Embeddings are very useful for NLP applications, such as text classification, sentiment analysis, machine translation, question answering, and more. They enable NLP models to understand natural language better and produce more meaningful results.
Technical Structure[edit | edit source]
Embeddings are numerical representations of words or phrases that capture their meaning and context. They are vector in that they can be represented by a list of numbers which assigns them a 'position' in a 'space' representing language and meaning. The standard embedding vectors for LLaMA each have 2048 numbers. Each number in the list corresponds to a dimension in a vector space, and the position of the vector in the space reflects its semantic and syntactic properties.
Simplified Example[edit | edit source]
For example, imagine a two-dimensional vector space (a plane) where the x-axis represents the gender of a word and the y-axis represents the number of a word. In this space, the word “he” would have a negative x-value and a zero y-value, meaning that it is masculine and singular. The word “they” would have a zero x-value and a positive y-value, meaning that it is neutral and plural.
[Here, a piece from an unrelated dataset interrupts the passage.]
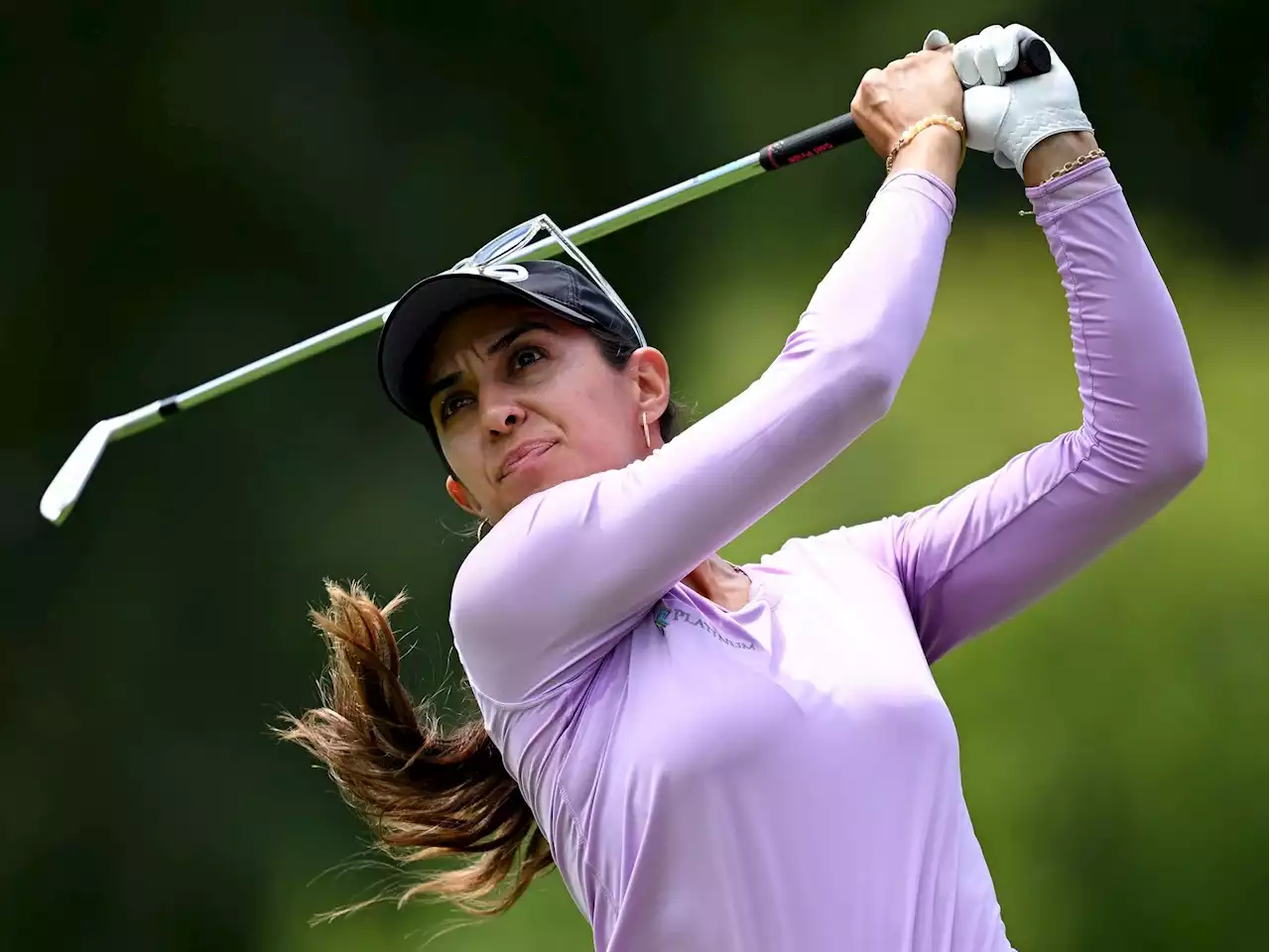 Paula Reto the surprise leader at Evian Championship after first round, Henderson five shots back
The word “she” would have a positive x-value and a zero y-value, meaning that it is feminine and singular. The word “them” would have a zero x-value and a negative y-value, meaning that it is neutral and singular or plural.
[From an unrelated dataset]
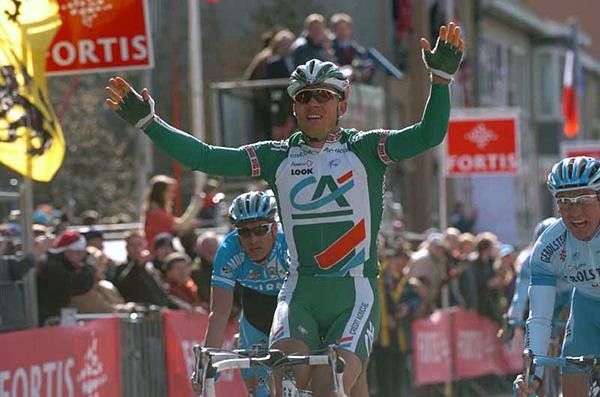 Thor Hushovd (Credit Agricole) celebrates as he wins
The distance between two vectors in this space indicates how similar or dissimilar they are in terms of gender and number. The angle between two vectors indicates how related or unrelated they are in terms of gender and number. For example, the angle between “he” and “she” would be 180 degrees, meaning that they are opposite in gender. The angle between “he” and “they” would be 90 degrees, meaning that they are orthogonal or unrelated in gender.
Of course, this is a very simplified example of how embeddings work. In use, the values of the embedding for each token are learned as part of the base model training process, and it is not typically attempted to directly attribute meaning to the dimensions. These models can capture more nuanced and diverse aspects of language, such as sentiment, topic, style, tone, etc.